Ratio Secured Debt Proposed Amendments
Series of Notes CUSIP
Number
Outstanding
Principal
Amount
%
Principal
Amount
Consent
Received
Upfront
Payment
Approximate
Upfront
Payment per
$1,000
Principal
Amount of
Consenting
Notes
Contingent
Payment
Approximate
Contingent
Payment per
$1,000
Principal
Amount of
Consenting
Notes
6.000% Senior Notes due 2023 87264AAM7 $1,300,000,000 74.90% $3,250,000 $3.34 $6,500,000 $6.68
6.500% Senior Notes due 2024 87264AAJ4 $1,000,000,000 83.38% $2,500,000 $3.00 $5,000,000 $6.00
6.000% Senior Notes due 2024 87264AAQ8 $1,000,000,000 89.48% $2,500,000 $2.79 $5,000,000 $5.59
6.375% Senior Notes due 2025 87264AAN5 $1,700,000,000 90.51% $4,250,000 $2.76 $12,750,000 $8.29
6.500% Senior Notes due 2026 87264AAP0 $2,000,000,000 96.01% $5,000,000 $2.60 $25,000,000 $13.02
Existing Sprint Spectrum and GAAP Proposed Amendments
Series of Notes CUSIP
Number
Outstanding
Principal
Amount
%
Principal
Amount
Consent
Received
Upfront
Payment
Approximate
Upfront
Payment per
$1,000
Principal
Amount of
Consenting
Notes
Contingent
Payment
Approximate
Contingent
Payment per
$1,000
Principal
Amount of
Consenting
Notes
6.000% Senior Notes due 2023 87264AAM7 $1,300,000,000 74.54% $1,625,000 $1.68 $4,875,000 $5.03
6.500% Senior Notes due 2024 87264AAJ4 $1,000,000,000 85.89% $1,250,000 $1.46 $3,750,000 $4.37
6.000% Senior Notes due 2024 87264AAQ8 $1,000,000,000 89.50% $1,250,000 $1.40 $3,750,000 $4.19
6.375% Senior Notes due 2025 87264AAN5 $1,700,000,000 90.06% $2,125,000 $1.39 $6,375,000 $4.16
6.500% Senior Notes due 2026 87264AAP0 $2,000,000,000 93.32% $2,500,000 $1.34 $7,500,000 $4.02
4.000% Senior Notes due 2022 87264AAR6 $500,000,000 91.53% $625,000 $1.37 $1,875,000 $4.10
5.125% Senior Notes due 2025 87264AAS4 $500,000,000 90.38% $625,000 $1.38 $1,875,000 $4.15
5.375% Senior Notes due 2027 87264AAT2 $500,000,000 90.22% $625,000 $1.39 $1,875,000 $4.16
4.500% Senior Notes due 2026 87264AAU9 $1,000,000,000 91.13% $1,250,000 $1.37 $3,750,000 $4.12
4.750% Senior Notes due 2028 87264AAV7 $1,500,000,000 97.95% $1,875,000 $1.28 $5,625,000 $3.83

There is no assurance that the T-Mobile/Sprint Transaction will be consummated and, accordingly, there is no assurance that the Contingent Consent Payments will be paid.
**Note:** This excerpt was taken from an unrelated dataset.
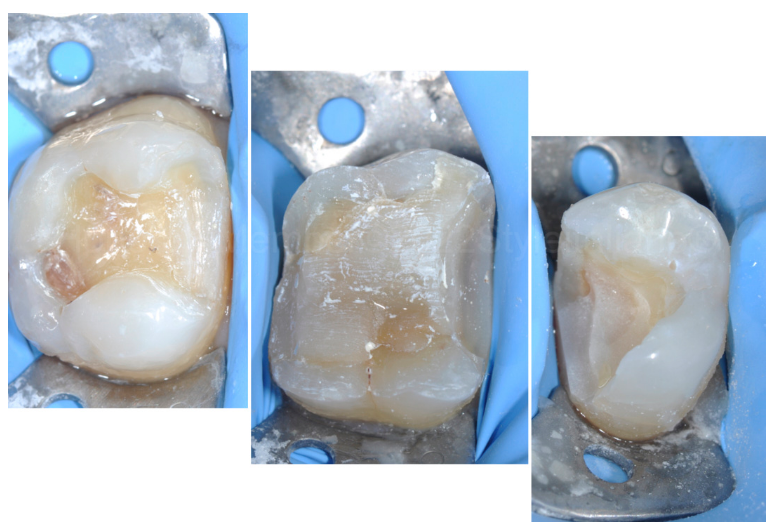 龈壁提升,简化并提升了牙医临床操作水平。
The Contingent Consent Payment will not be paid with respect to any series of Notes that is no longer outstanding on the date of the consummation of the T-Mobile/Sprint Transaction. The Company will pay the Contingent Consent Payments promptly after the consummation of the T-Mobile/Sprint Transaction. Interest will not accrue on or be payable with respect to the Aggregate Consent Payments. The right to receive any Aggregate Consent Payment is not transferable.